There’s something still magical about full-stack development when something “just works” that you’ve created. Creating a demo app that phones a user, gets the voice input, transcribes it using a 3rd party SaaS and fires remote procedures within something like Symfony or Laravel makes you punch the air when you see it working. I don’t think that feeling ever goes away - it’s especially poignant when my focus is on Developer Experience these days, which is something that Laravel particularly also focusses on.
If you could go back in time and give younger James some advice when you were first starting in development, what would it be?
I worked for 7 years doing two jobs simultaneously in London. I was the Technical Manager of a Fringe Theatre in North London, and I was a Business Intelligence developer working with various forms of SQL. For 4 of those years, I didn’t have a day off except the odd summer holiday for a week. There are appalling strains being put on our youngest generations when it comes to starting out the world of work, but I would highly recommend not doing two careers at once like this in one of the world’s biggest cities. It fried my brain.

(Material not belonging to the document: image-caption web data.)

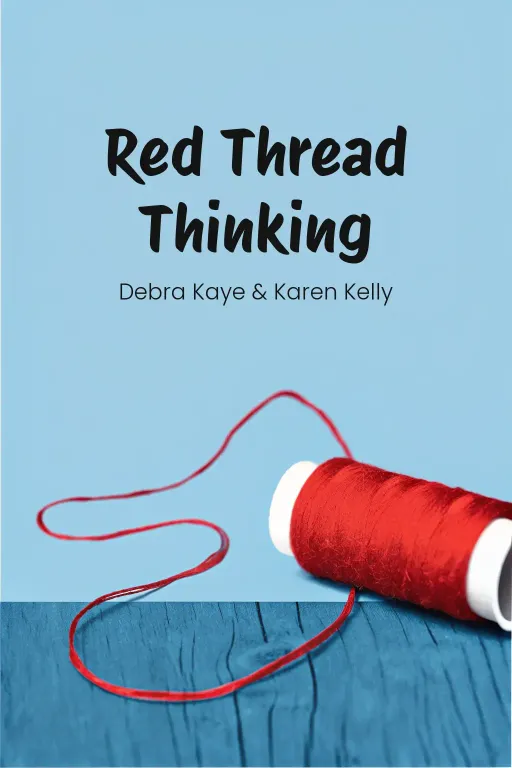 Red Thread Thinking cover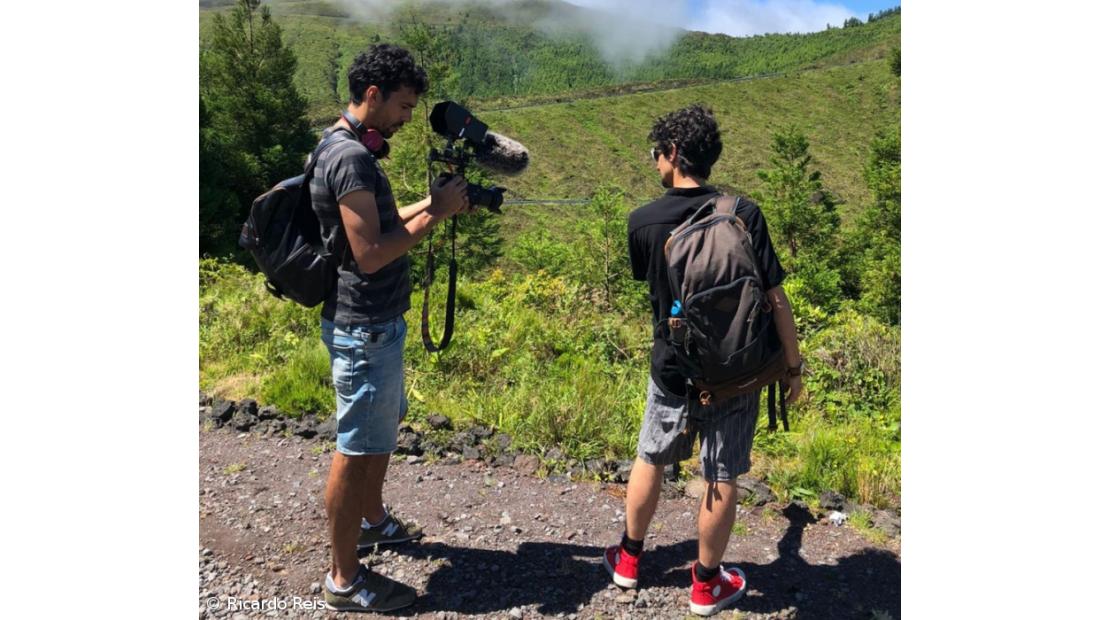Teatro Meridional prepara ‘Ilhas’ inspirado nos Açores – Imagem 3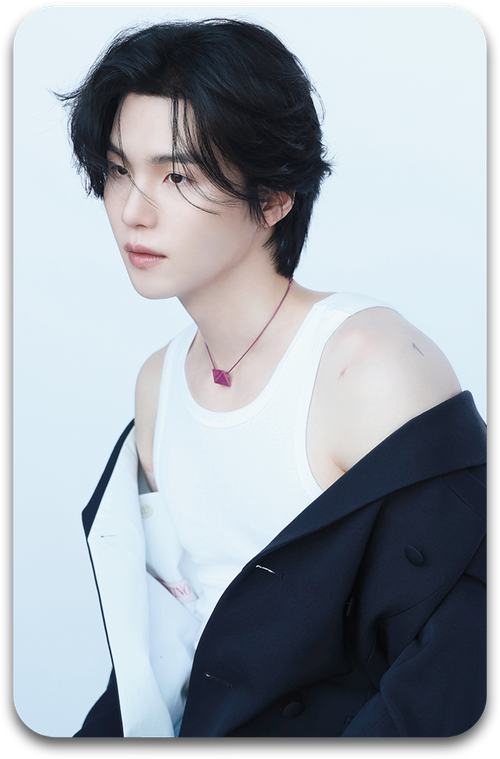 Карта / BTS #0427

I also think I’d have liked to work with a language and environment that is perhaps not as tumultuous. PHP has battles within itself, and with everyone else trying to be funny and dunking on it. JavaScript is my second language, by necessity, and that moves at a billion miles per hour, even reaching the point where now it’s a valid question to ask which of the three runtimes a node app is using. I’d like an easier life. The Python people are chill. I’d learn Python.
Do you have any hobbies outside of web development?
I am a complete music anorak, and always have been. This comes from my brothers’ bringing me up on a diet of big-beat, hiphop, drum and bass, indie, rock, techno and dub. When I was 13, I bought ‘Endtroducing’ by DJ Shadow and got into vinyl culture. It’s never really gone away, as apparent from my record collection that now weighs far too much for it’s own good. I used to get on the decks, but being a husband and full time Dad just doesn’t really permit for things like that anymore.
Cooking is probably my other love. When my boy gets older, come round mine for my Turkish Saffron Chicken and Iranian Bahara Lamb Kebabs on the BBQ. That’s how you use a BBQ, I don’t want burned sausages with a miserable sachet of HP Sauce.